I expect that the user will load a table with columns language and feature and use it within the ec_tile_map() function. We will create the table on the fly, but it is more convenient to use read.csv(), read_csv(), read_tsv(), or read_xlsx() functions to load any table created in Excel or Calc.

df <- data.frame(language = c("Avar", "Chechen", "Mehweb"),
                 feature = c("value a", "value b", "value b"))
ec_tile_map(df)

Sometimes the name of the variable in the loaded table is not feature, so there is an argument feature_column in the ec_tile_map() function, where the name can be provided:

ec_tile_map(ec_languages,
            feature_column = "morning_greetings")

ec_tile_map(ec_languages,
            feature_column = "consonant_inventory_size")

It is possible to add title to the plot, using title argument:

ec_tile_map(ec_languages,
            feature_column = "morning_greetings",
            title = "Morning greetings (Naccarato, Verhees 2021)")

To change the title position (it appears left by default), one can use the title_position argument:

ec_tile_map(ec_languages,
            feature_column = "morning_greetings",
            title = "Morning greetings (Naccarato, Verhees 2021)",
            title_position = "center")

ec_tile_map(title = "This is a Tile map of East Caucasian languages",
            title_position = "right")

It is really hard to understand the real value for each language when a numeric feature is used. So there is an additional argument annotate_feature that makes it possible to add values near the language names:

ec_tile_map(ec_languages,
            feature_column = "consonant_inventory_size",
            title = "Consonant inventory size (Moroz 2021)",
            annotate_feature = TRUE)

It is possible to use this with categorical features, however, one needs to keep track of the short values, because it looks messy:

ec_tile_map(ec_languages,
            feature_column = "morning_greetings",
            title = "Morning greetings (Naccarato, Verhees 2021)",
            annotate_feature = TRUE)

4 Changing the default colors

It is possible that the default colors provided by ggplot2 are not suitable for your plots. So ggplot2 provides several tools for changing them. The function scale_fill_distiller() will help to change the colors of numeric variables to one of the predefined palettes (Blues, BuGn, BuPu, GnBu, Greens, Grey, Oranges, OrRd, PuBu, PuBuGn, PuRd, Purples, RdPus, Reds, YlGn, YlGnBu, YlOrBr, YlOrRd). There is a direction argument that makes it possible to reverse the order of the colors in the palette.

library(ggplot2)
ec_tile_map(ec_languages,
            feature_column = "consonant_inventory_size",
            title = "Consonant inventory size (Moroz 2021)",
            annotate_feature = TRUE) +
  scale_fill_distiller(palette = "Greens")

ec_tile_map(ec_languages,
            feature_column = "consonant_inventory_size",
            title = "Consonant inventory size (Moroz 2021)",
            annotate_feature = TRUE) +
  scale_fill_distiller(palette = "Greens", direction = 1)

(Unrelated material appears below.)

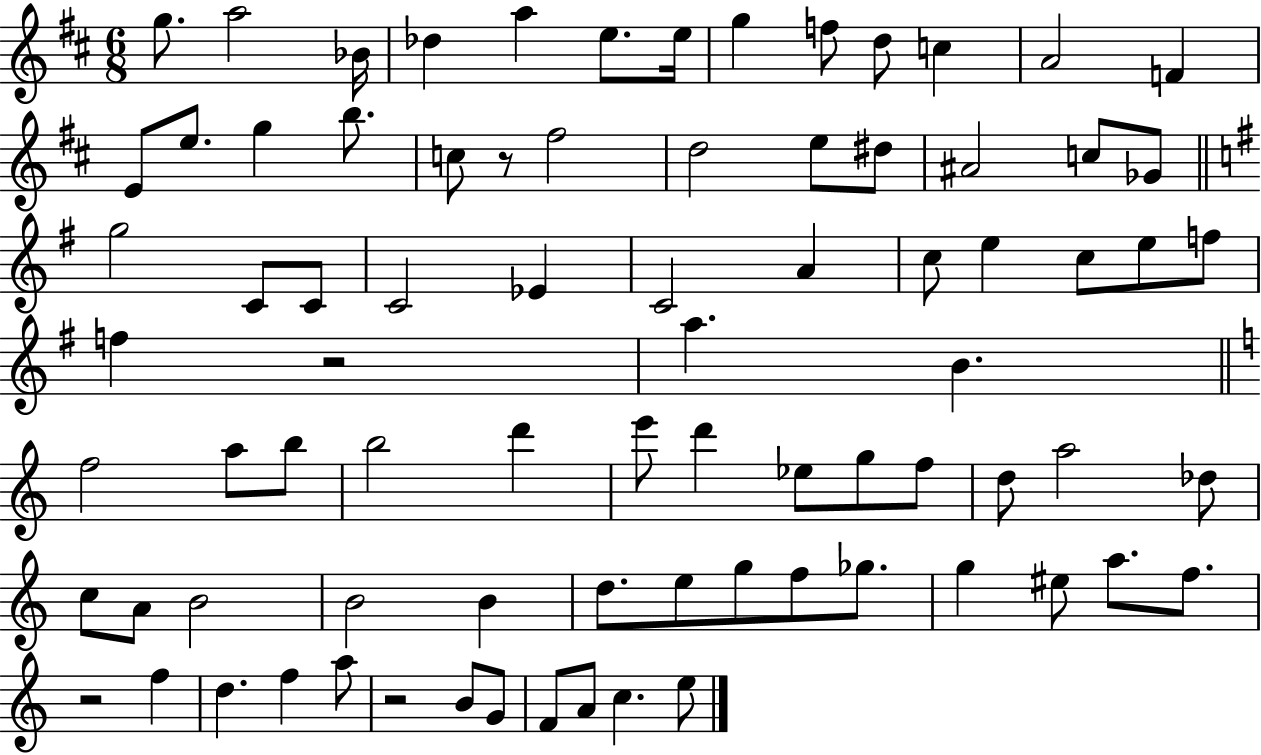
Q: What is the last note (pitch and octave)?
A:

To define your own palette for a numeric variable, you can use the scale_fill_gradient() function.

ec_tile_map(ec_languages,
            feature_column = "consonant_inventory_size",
            title = "Consonant inventory size (Moroz 2021)",
            annotate_feature = TRUE) +
  scale_fill_gradient(low = "navy", high = "tomato")

When the color scheme is clear and the annotate_feature argument draws the exact values of the feature, it makes sense to get rid of the legend:

ec_tile_map(ec_languages,
            feature_column = "consonant_inventory_size",
            title = "Consonant inventory size (Moroz 2021)",
            annotate_feature = TRUE) +
  scale_fill_gradient(low = "navy", high = "tomato")+
  theme(legend.position = "none")

The function scale_fill_brewer() will help to change the colors of categorical variables to one of the predefined palettes (Accent, Dark2, Paired, Pastel1, Pastel2, Set1, Set2, Set3).

ec_tile_map(ec_languages,
            feature_column = "morning_greetings",
            title = "Morning greetings (Naccarato, Verhees 2021)")+
  scale_fill_brewer(palette = "Pastel1", na.translate = FALSE)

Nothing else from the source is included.